The reverb module digs deep into the source file and uses its magic algorithm to determine the reverberant aspects of the file. With the brilliant Exponential reverb technology built in, it can call up a reverb match and get you very close with a couple of mouse clicks. These reverbs are very adjustable so that there is not only predelay and reverb tail controls, but also controls for density, and for the EQ of the reverb itself. These are all controls that a mixer would expect, but the computer analyzation puts all the controls in the proper ranges for you as a starting point. It chooses the reverb type from a plate to a chamber to a room and so on, all to be changed with a click by the mixer if need be.
Ambience Match is a trusted tool that I and many others embraced as soon as it was available. It has saved me on a number of television series that had many challenges due to the extent of exterior locations. Room tone was not always available from production, but knowing that I had the advantage of Ambience Match in my pocket, I could create a series of appropriate room tones to make a convincing blend in the mix. Another useful feature is that similar to the capture module, it has a listen section so you can preview the ambience only if need be.
Chaining all three processes together is a masterstroke.
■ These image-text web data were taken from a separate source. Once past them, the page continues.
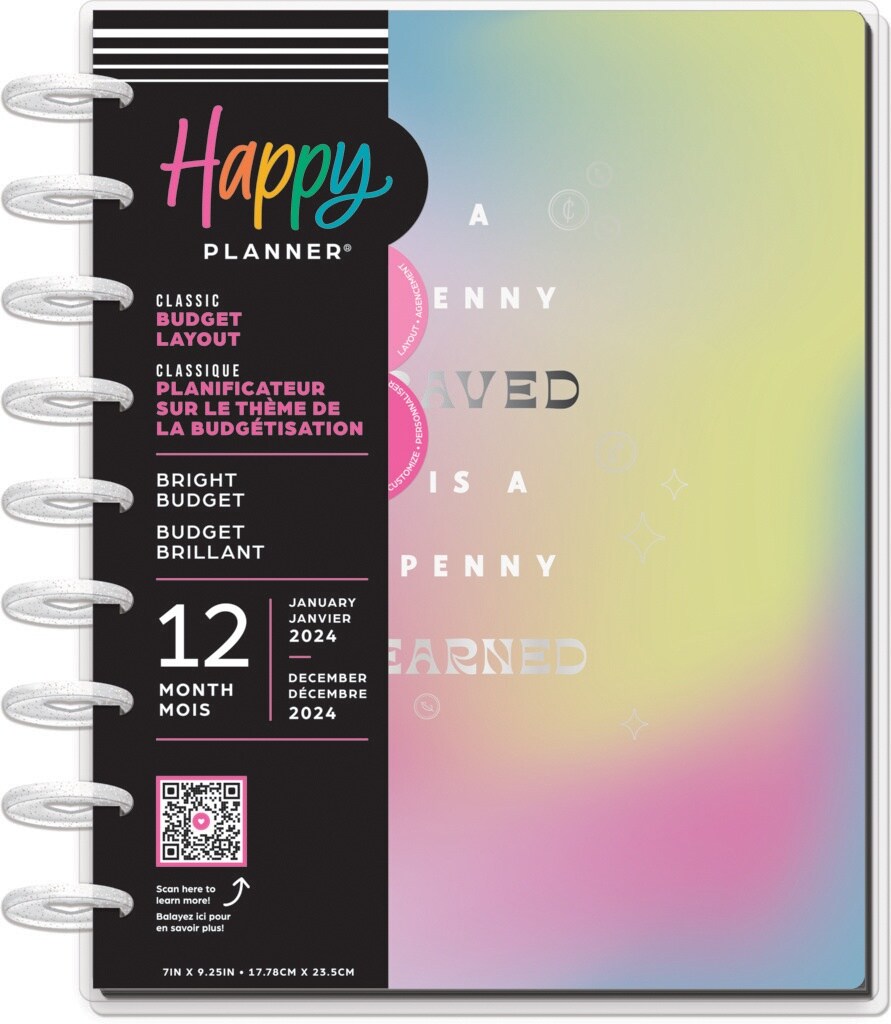Happy Planner Classic 12-Month Planner-Bright Budget; Jan - Dec '24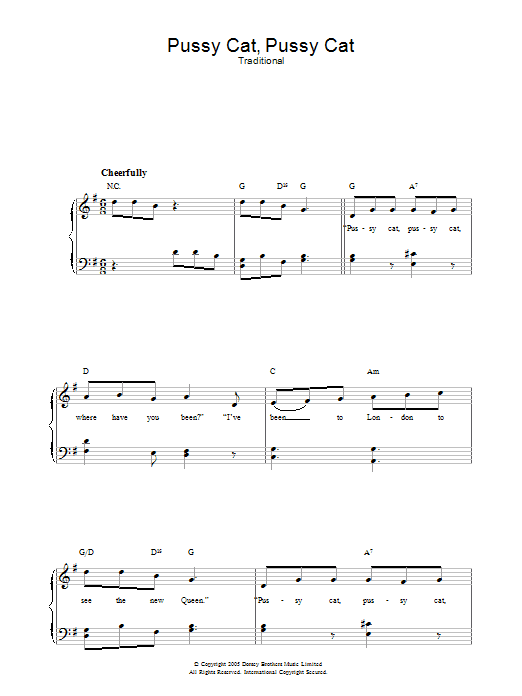 Download Traditional Pussy Cat, Pussy Cat Sheet Music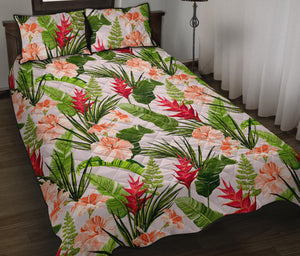 Heliconia Hibiscus Leaves Pattern Quilt Bed Set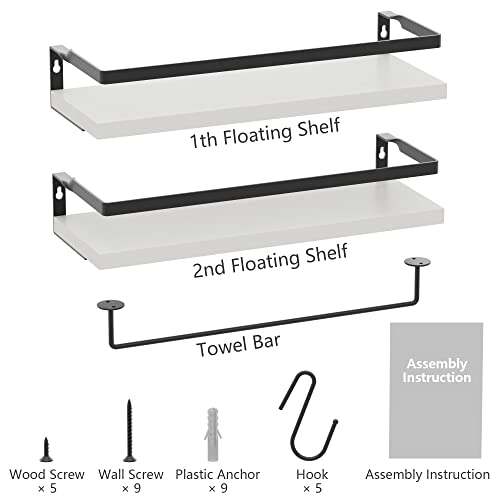 Mzf Home Decor Floating Shelves, Wall Shelves With Towel Bar/Hooks, Bathroom Wall Decor, Floating Shelves Wood For Bathroom/Living Room/Kitchen/Bedroom,(Black-White) Floating Bathroom Shelves #TOP6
Including the fine adjustments to each stage of the chain keeps it fully in the control of the engineer and their trained ears. The ability to easily A-B changes keeps things moving fast. One nice touch is that after you’ve spent time adjusting the controls, if you find that the original match chosen by the software is better, you can option click the controls and it will snap back to its original suggestions.
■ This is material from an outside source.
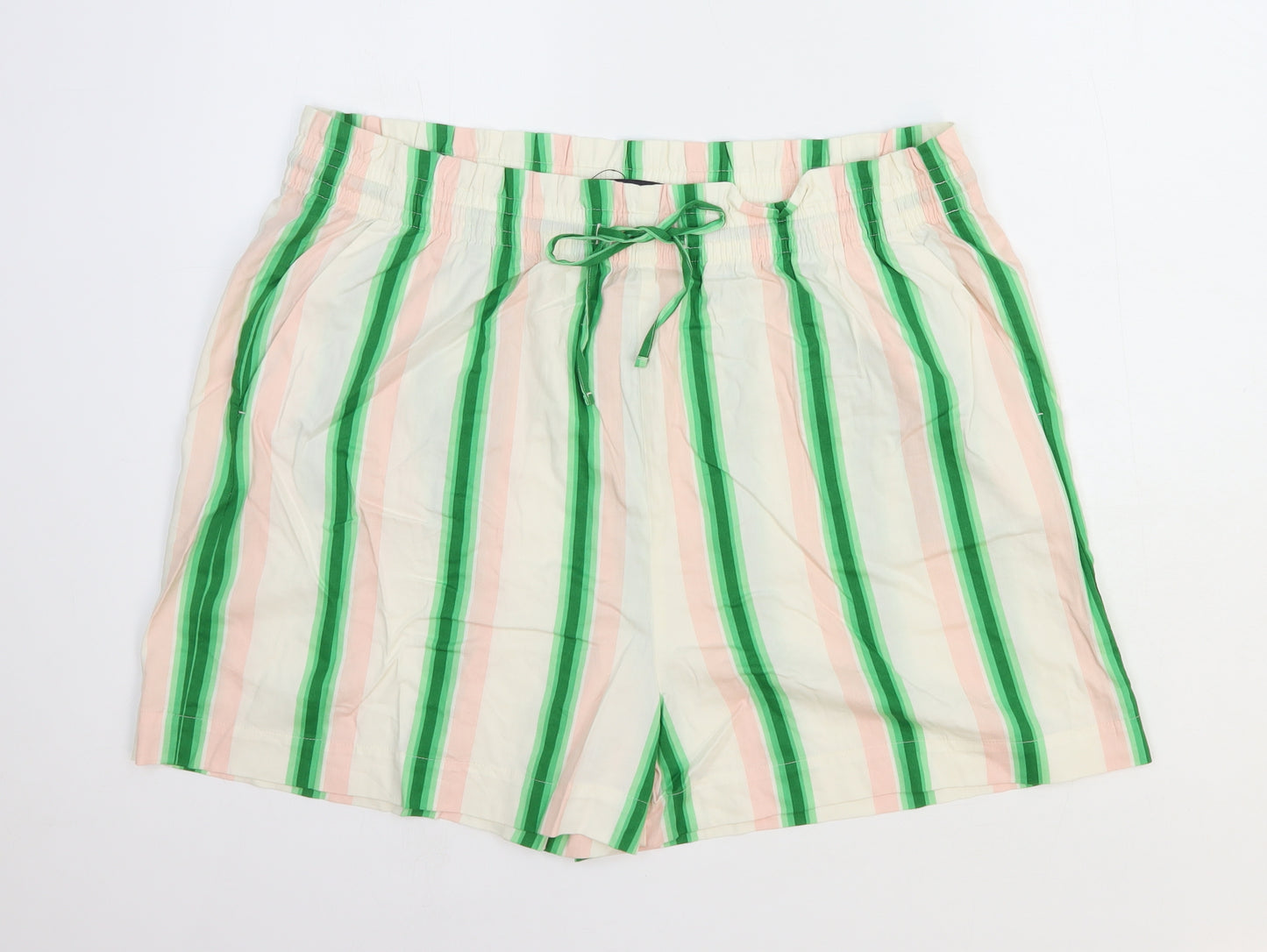 Marks and Spencer Womens Multicoloured Striped Cotton Bermuda Shorts Size 20 Regular Drawstring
Dialogue Match is going to get a lot of use. iZotope is always advancing their product line and this is Version 1.0.0 of Dialogue Match so I am eagerly excited to see how it grows. They are offering a bunch of really good bundles, some, like the Everything Bundle, contain a complete package of multi-channel verbs, and their RX Post Production Suite 4 has a full complement of their post audio software, now including reverbs from Exponential Audio as well.